Para o Valor — Belo Horizonte
10/05/2023 09h21 Atualizado há 20 horas
O início do século XXI foi marcado por uma onda vermelha na América Latina. A começar pela eleição de Hugo Chávez, na Venezuela em 1999, seguido pelo chileno Ricardo Lagos em 2000, os principais países da região passaram a ser governados por políticos de esquerda.
A linha histórica seguiu com Lula (2003), o argentino Néstor Kirchner (2003), Tabaré Vázquez no Uruguai (2005), Alan García no Peru e o boliviano Evo Moralez (2006), Rafael Correa no Equador (2007) e o paraguaio Fernando Lugo (2008), além dos presidentes de nações da América Central como Costa Rica, El Salvador, Guatemala, Honduras e Nicarágua.
Graças ao discurso centrado na população mais pobre e excluída, a mudança de foco nas políticas públicas e o sucesso de políticas de transferência de renda, tudo isso financiado pelo boom dos preços das commodities agrícolas e minerais nos mercados internacionais, essas lideranças foram capazes de fazer seus sucessores ou até mesmo mudar as regras constitucionais para se perpetuarem no poder.
A maré vermelha só começou a refluir na segunda metade da década seguinte. Os ventos passaram a soprar em direção à direita após uma conjunção de fatores que começam na deterioração da conjuntura econômica mundial e ganharam impulso com crises políticas e escândalos de corrupção que derrubaram governos e geraram oportunidade para a ascensão de lideranças conservadoras.
Para ficar apenas nos casos mais emblemáticos, a virada à direita no continente sulamericano contou com as duas passagens de Sebastián Piñera pela presidência do Chile (2010-2014 e 2018-2022) e as eleições do argentino Maurício Macri (2015-2019), de Jair Bolsonaro no Brasil (2018-2022) e do uruguaio Luis Alberto Lacalle Pou (a partir de 2020).
O movimento do pêndulo em direção à direita, contudo, teve curta duração. Se olharmos o mapa político da América do Sul atualmente, com a exceção de Equador, Paraguai e Uruguai, todos os demais países estão coloridos de vermelho, tendo voltado a ser governados por políticos da esquerda.
Nesse processo emergiram novas lideranças, como Gabriel Boric no Chile e Gustavo Petro na Colômbia, e outros foram ungidos pelos caciques tradicionais, como a escolha de Alberto Fernández por Cristina Kirchner em 2019 e Luís Arce na Bolívia, eleito herdeiro político de Evo Moralez. O retorno de Lula para um terceiro mandato comandando o Brasil é o novo ato desta que foi apontada como a nova “maré rosa” na política sulamericana.
A se valer do desempenho de duas das principais estrelas desse processo, contudo, o presidente brasileiro deveria ficar preocupado.

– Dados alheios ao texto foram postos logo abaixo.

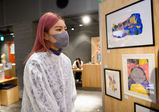 VANTAN CUTTING EDGE 2021レポート!VISUAL DESIGN EXHIBITION @ラフォーレ原宿6F・BE AT STUDIO HARAJUKU【バンタンデザイン研究所】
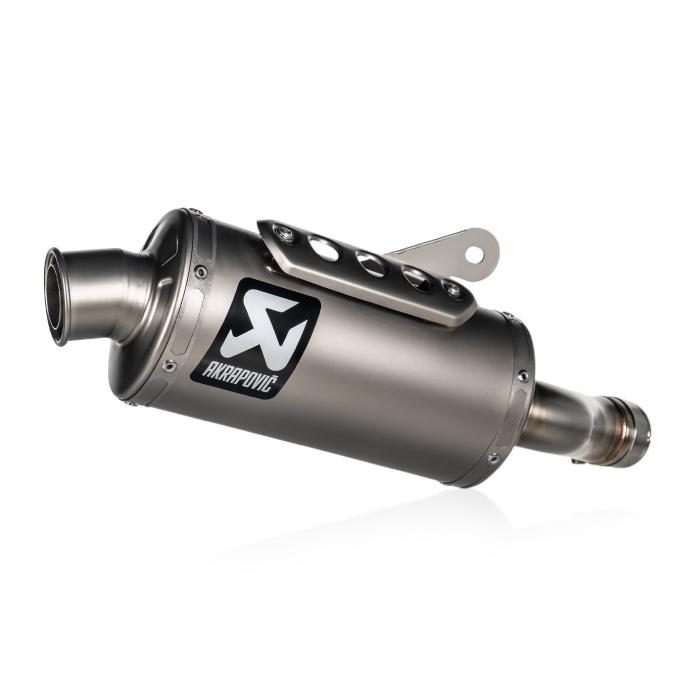 AKRAPOVIC（アクラポビッチ） 直送品 スリップオンライン チタン JMCA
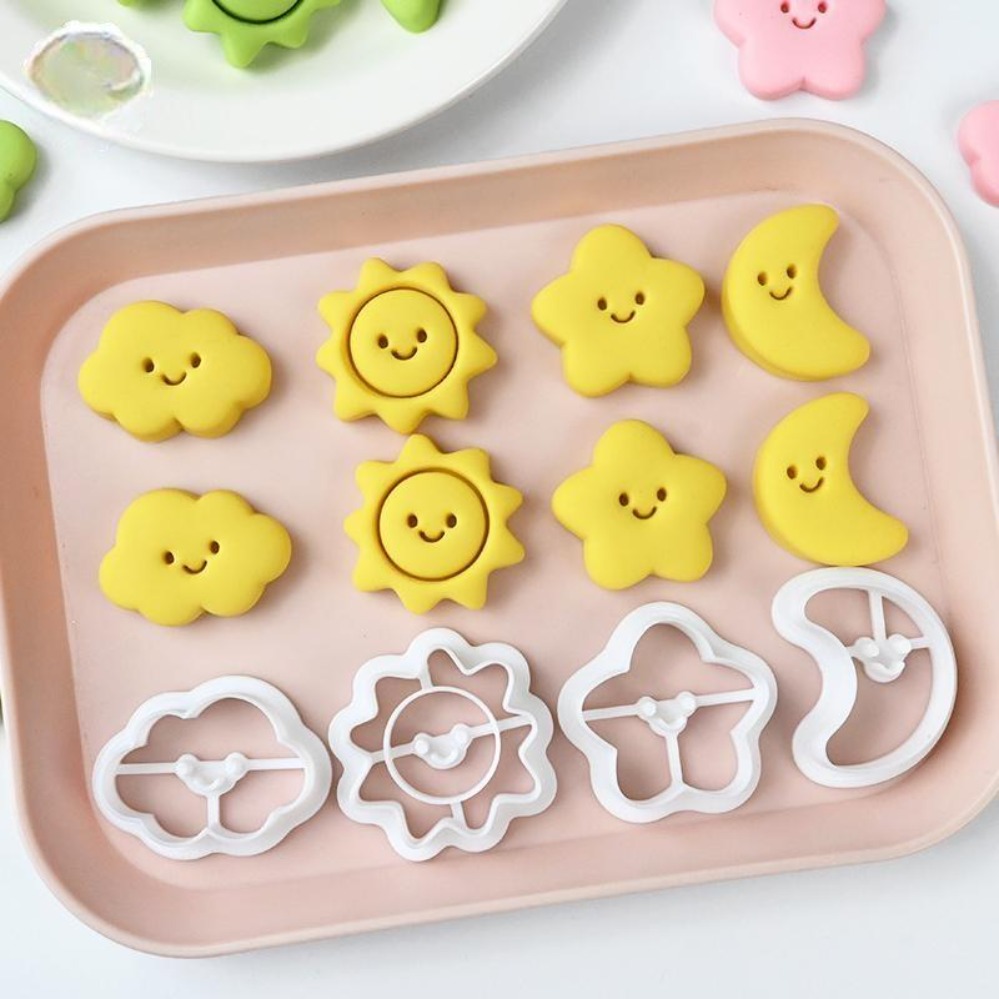Koekjesvormpjes Maan Sterren Z - Kitchen Baking Cake recensie en prijs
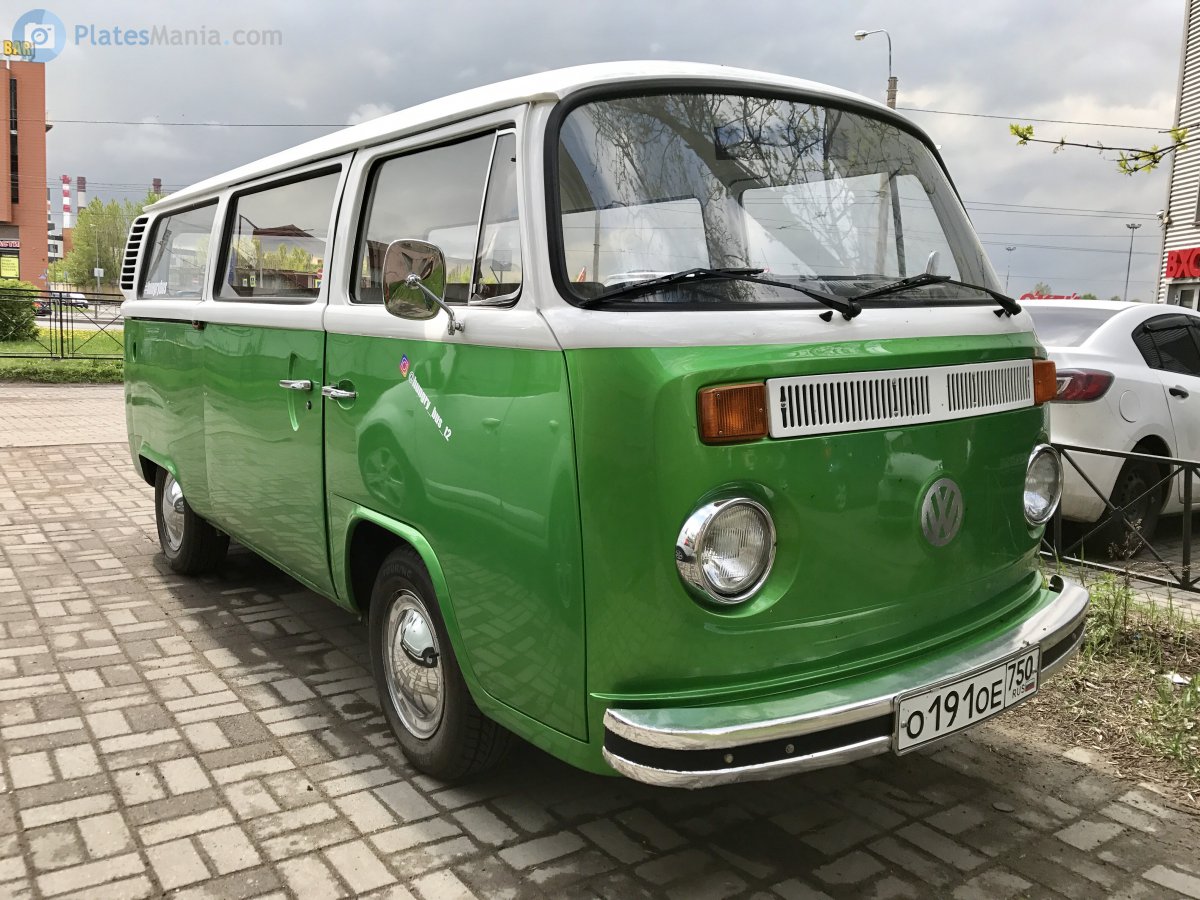 о 191 ое 750, Volkswagen Bus 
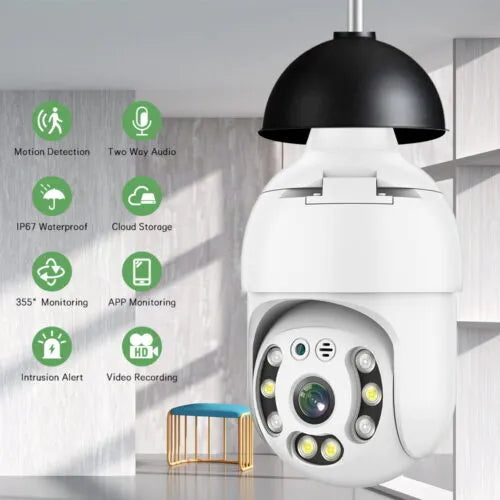 Camera Supraveghere FULL HD , vedere nocturna, WIFI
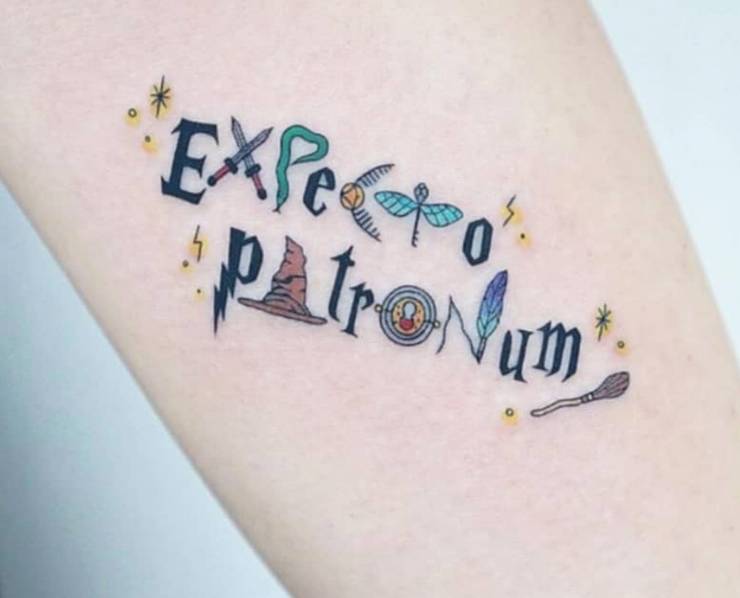 Harry Potter 10 Sorting Hat Tattoos Fans Will Love Harry Potter 10 Sorting Hat Tattoos Fans Will Love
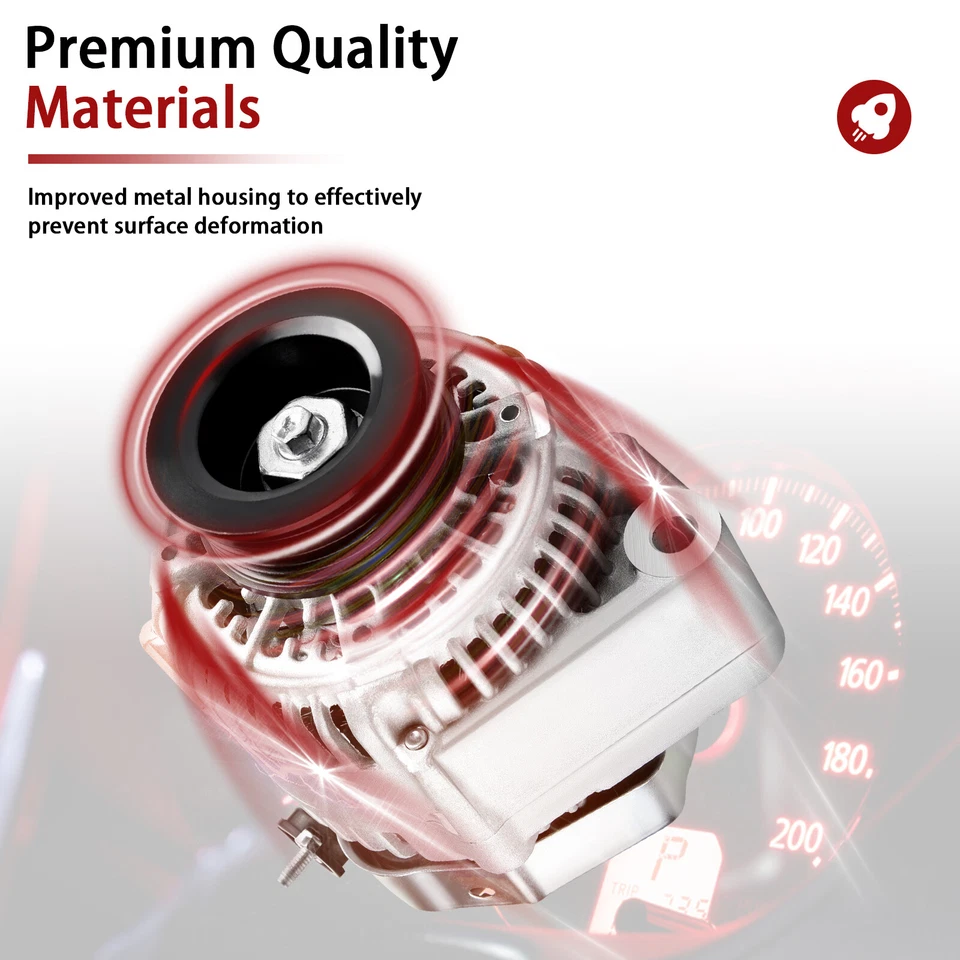 Alternador 2,2 L 13538 334-1212 Odyssey1995-1997 para Honda Accord 1994 1996 1997 Foto 4 de 4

Com uma crise econômica que tem como sinais mais flagrantes uma inflação anual superior a 100% e o esgotamento das reservas internacionais, Alberto Fernández declarou recentemente que não pretende concorrer a um novo mandato na Argentina. Para além da complicadíssima gestão das finanças do país, Fernández viu sua margem de manobra encolher depois que a coalizão de partidos que o sustenta perder a maioria no Congresso.
No caso de Boric, o choque de realidade veio na noite de 04 de setembro de 2022, quando 62% dos chilenos rechaçaram a proposta da progressista nova Constituição apoiada pelo presidente. Numa segunda tentativa, os eleitores acabaram de impor uma outra derrota ao jovem líder da esquerda chilena.
Na eleição para os 50 membros do Conselho Constituinte encarregado de apresentar uma alternativa ao texto recusado pela população, 23 das cadeiras ficaram com o Partido Republicado, do ultra-direitista José Antonio Kast, e outras 11 foram conquistadas pela coligação de centro-direita Chile Seguro. Em minoria, o bloco governista Unidad para Chile, dos partidos que apoiam Boric, conquistou apenas 16 postos.
Com mais de 3/5 dos membros do Conselho Constitucional, portanto, a direita chilena terá ampla liberdade para moldar a minuta da nova Constituição, que será submetida a novo plebiscito em 17 de dezembro.
As trajetórias de Alberto Fernández na Argentina e de Gabriel Boric no Chile demonstram que cenário internacional desfavorável, população polarizada e uma base frágil no Congresso formam uma combinação capaz de transformar a nova onda vermelha na América Latina numa marolinha.
Engajado em tantas viagens internacionais neste início de mandato, é bom Lula ficar de olho no que acontece com nossos vizinhos para também não ficar a ver navios.